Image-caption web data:

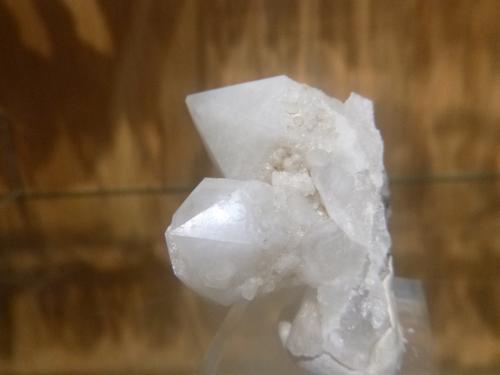 Quartz<br />Senhora da Assunção Mine, Aldeia Nova, Ferreira de Aves, Sátão, Viseu District, Portugal<br />40 mm x 48 mm x 24 mm<br /> (Author: franjungle)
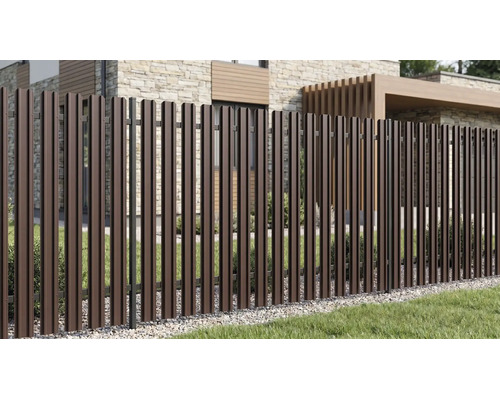 Gard metalic modern pentru grădină cu lamele verticale în fața unei case cu fațadă din piatră și gazon.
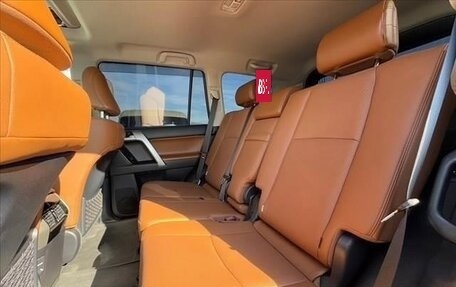 Toyota Land Cruiser Prado 150 рестайлинг 2, 2021 год, 4 390 000 рублей, 32 фотография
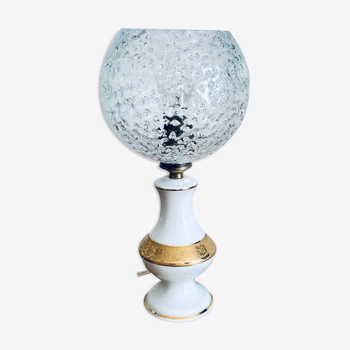 Porcelain table lamp and glass globe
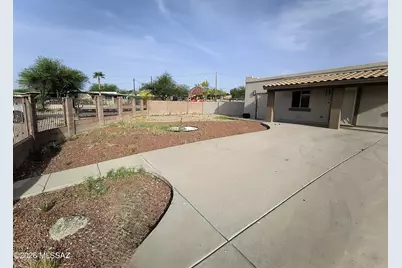 1838 W Calle Del Arroyito, Tucson, AZ 85713 - Photo 4
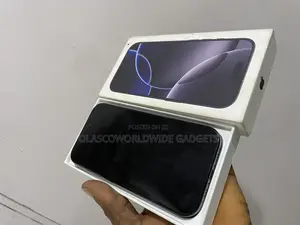 Apple iPhone 16 Pro 128 GB Black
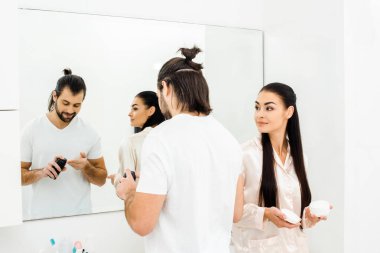 güzel karın vücut yakışıklı kocam traş köpüğü uygulama sırasında krem tutarak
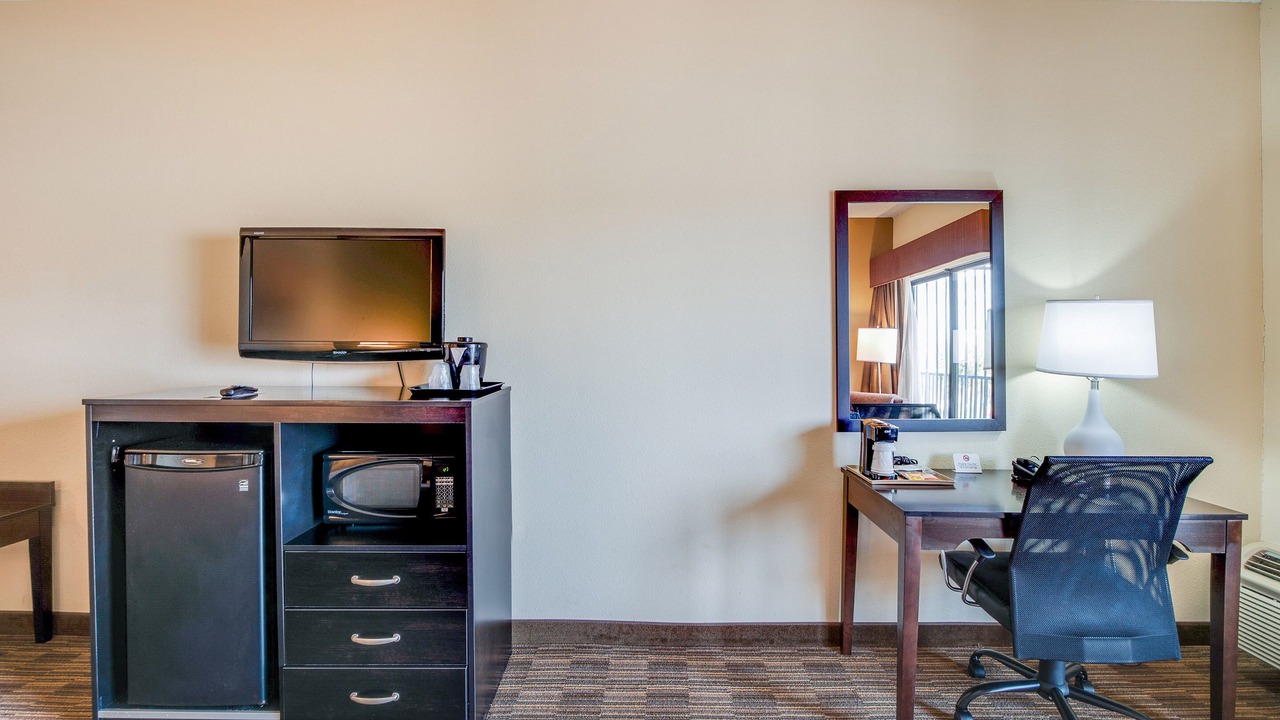 Photo of Bedroom in Greater Greenspoint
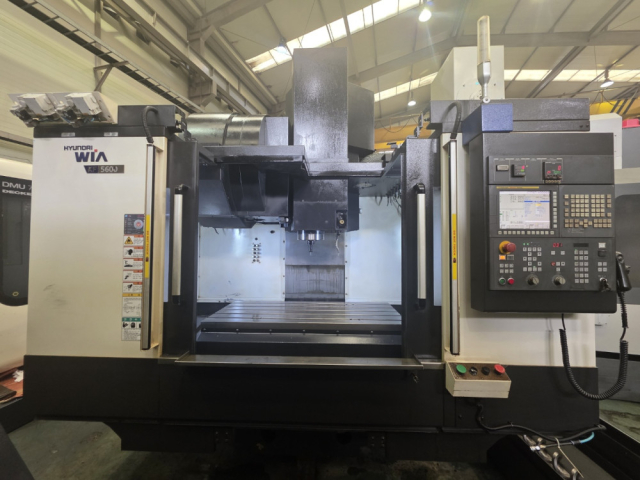 현대위아 5.6호 주축관통 머시닝센터 KF5600 중고머시닝센타
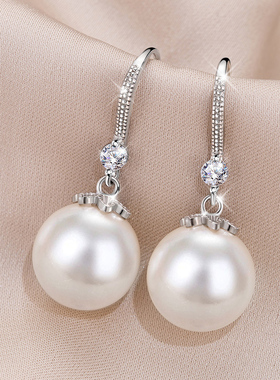 周大福焕美联名官方旗舰店s999纯银珍珠耳饰女银耳钉耳坠耳环妈妈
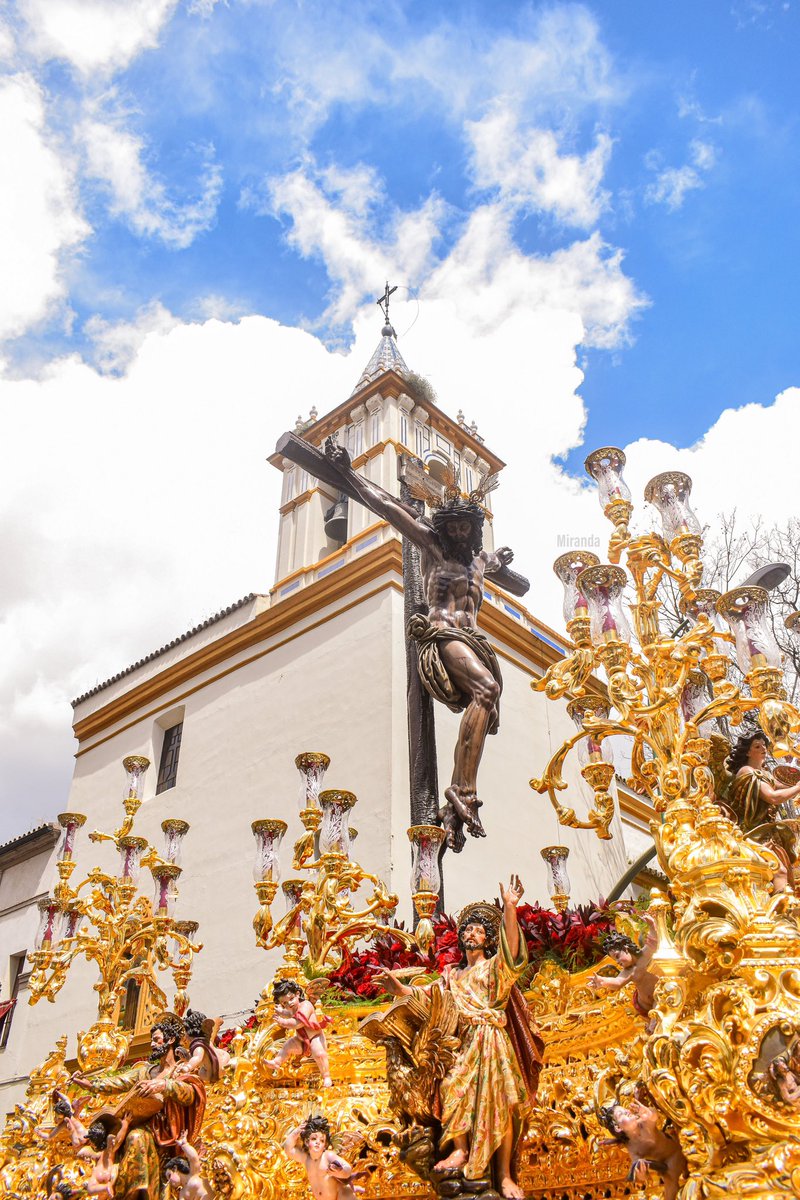 Sangre del barrio de la Calzá.
•
📷 <a href="/JM_Fotografo_/">J.Miranda Fotografía</a> 
Hdad. <a href="/Hdad_SanBenito/">Hermandad San Benito</a> 
🎺 <a href="/SangreSanBenito/">Banda del Cristo de la Sangre</a> 
•
#SSantaSevilla25 #SemanaSantadeSevilla #TDSCofrade #TDSCofrade #Sevilla #SanBenito25 #SomosSangre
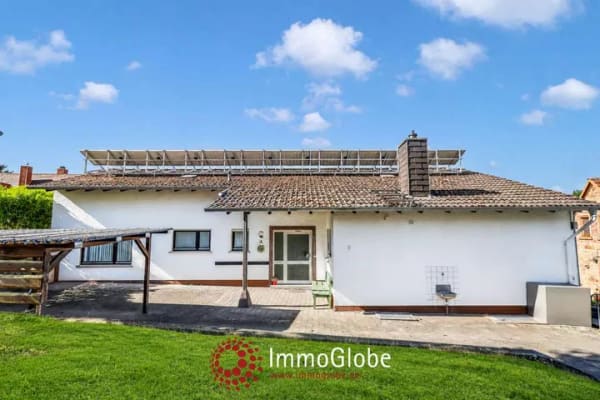 Immobilie in Imsbach - Wohnen auf einer Ebene – großzügiger Bungalow mit ertragsstarker PV-Anlage - Bild 0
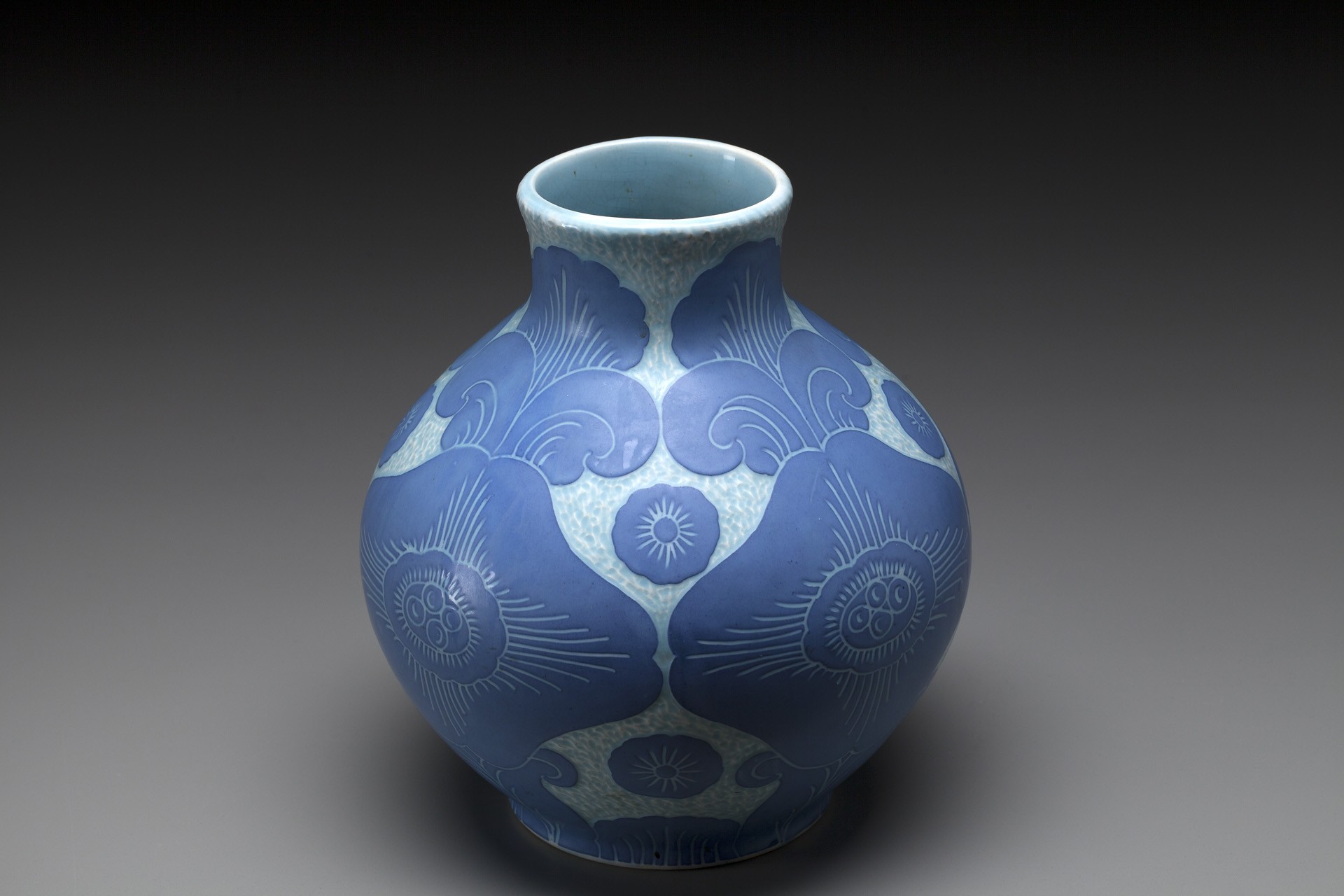 Josef Ekberg Vase image 3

TASK OBJECTIVE -
Once the pictures are removed, reproduce the remaining entries above exactly.

ANSWER TO THIS EXERCISE -
 Quartz<br />Senhora da Assunção Mine, Aldeia Nova, Ferreira de Aves, Sátão, Viseu District, Portugal<br />40 mm x 48 mm x 24 mm<br /> (Author: franjungle)
 Gard metalic modern pentru grădină cu lamele verticale în fața unei case cu fațadă din piatră și gazon.
 Toyota Land Cruiser Prado 150 рестайлинг 2, 2021 год, 4 390 000 рублей, 32 фотография
 Porcelain table lamp and glass globe
 1838 W Calle Del Arroyito, Tucson, AZ 85713 - Photo 4
 Apple iPhone 16 Pro 128 GB Black
 güzel karın vücut yakışıklı kocam traş köpüğü uygulama sırasında krem tutarak
 Photo of Bedroom in Greater Greenspoint
 현대위아 5.6호 주축관통 머시닝센터 KF5600 중고머시닝센타
 周大福焕美联名官方旗舰店s999纯银珍珠耳饰女银耳钉耳坠耳环妈妈
 Sangre del barrio de la Calzá.
•
📷 <a href="/JM_Fotografo_/">J.Miranda Fotografía</a> 
Hdad. <a href="/Hdad_SanBenito/">Hermandad San Benito</a> 
🎺 <a href="/SangreSanBenito/">Banda del Cristo de la Sangre</a> 
•
#SSantaSevilla25 #SemanaSantadeSevilla #TDSCofrade #TDSCofrade #Sevilla #SanBenito25 #SomosSangre
 Immobilie in Imsbach - Wohnen auf einer Ebene – großzügiger Bungalow mit ertragsstarker PV-Anlage - Bild 0
 Josef Ekberg Vase image 3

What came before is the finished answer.